Main results on image synthesis

  • Our method significantly outperforms previous state-of-the-arts in both Fréchet Inception Distance (FID) and Inception Score (IS).
  • Non-autoregressive model outperforms autoregressive and diffusion models with fewer steps.
  • Trade-off between precision and recall is maintained.
  • Best FID and IS on ImageNet generation on record without classifiers or rejection sampling.
  • Generate higher resolution (512x512) in a purely non-autoregressive manner.
  • User preference study shows our method is more preferred than all other competing methods in terms of quality and diversity.
  • Ablation study shows aggressive spatial compression eliminates high frequency in images.

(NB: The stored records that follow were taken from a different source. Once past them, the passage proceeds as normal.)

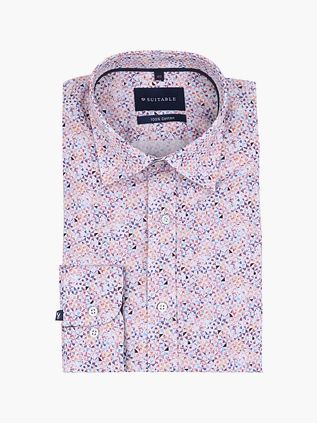 Suitable Skjorte med Mosaikmønster i Pink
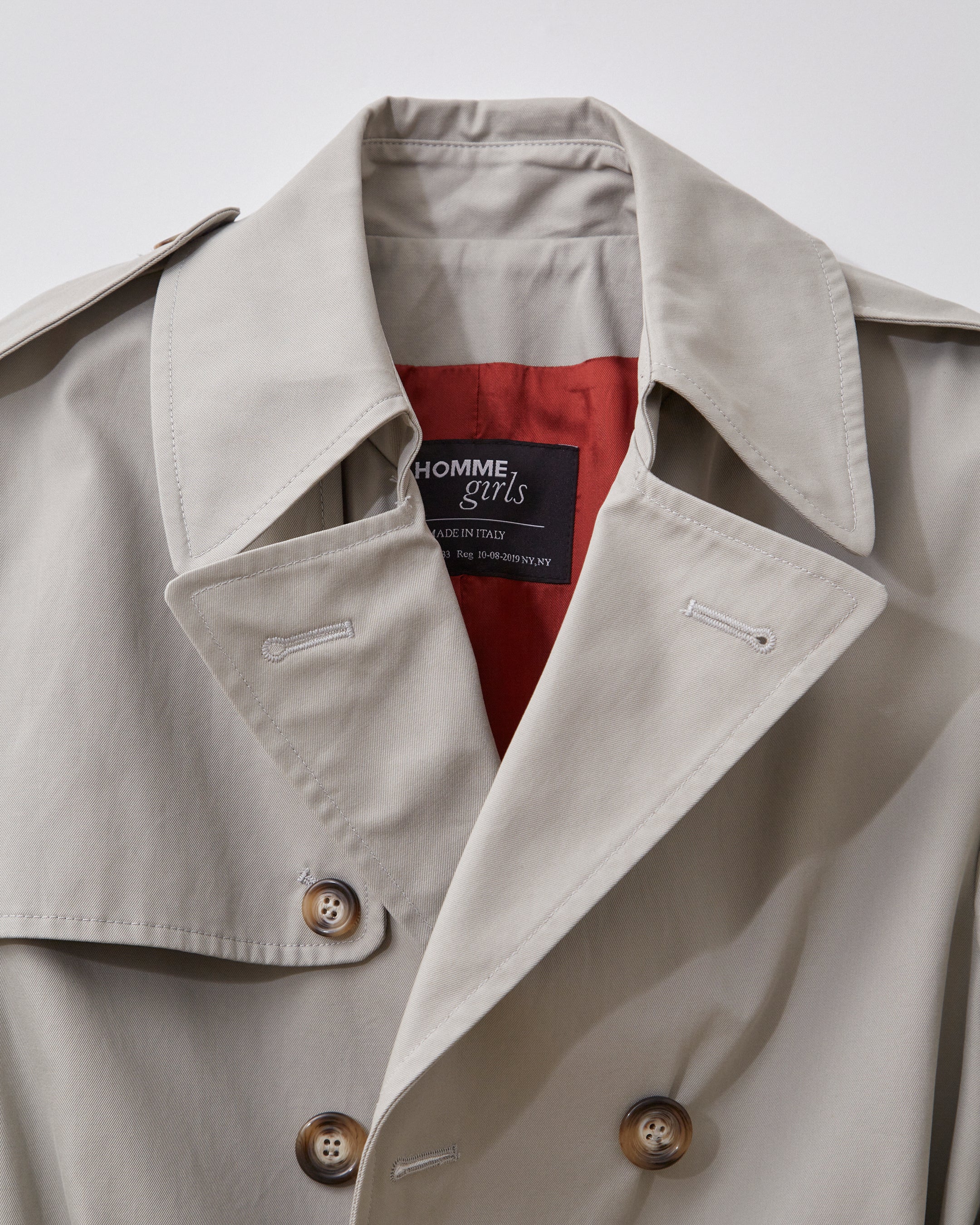 Elastic Logo Waist Trench Coat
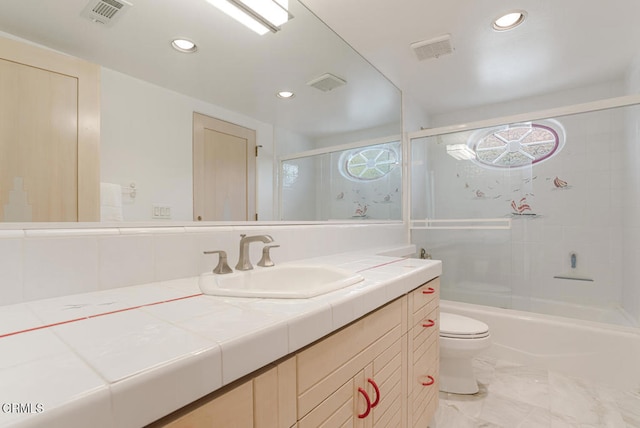 5331 Wavecrest Way, Oxnard, CA 93035 - bathroom with vanity, toilet, recessed lighting, shower / bath combination with glass door, and marble finish floors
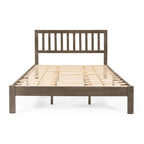 Plateforme de lit Queen en acacia style ferme moderne avec tête de lit à lattes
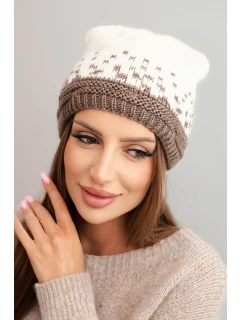 Dámská zimní čepice z vlny s krystaly model 21750450 grafitová - K-Fashion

  • Stratified tokenizer extracts hierarchical and interlinked visual token sequences.
  • Decoding steps study shows importance of proper tokenizers for generative vision transformer.
  • Stratified over cascade comparison shows validity of adopting guidance for longer sequences from shorter ones.
  • VQGAN2-R behaves distinctively with VQGAN2-C.
  • Semantic domain transfer enabled by decoupled modeling.
  • Bottom-level re-prediction benefits domain transfer.
  • Visual tokenization converts image into sequence of discrete codes.
  • Non-autoregressive models have nature of learning to infill.
  • Flexible image editing in simple feedforward passes.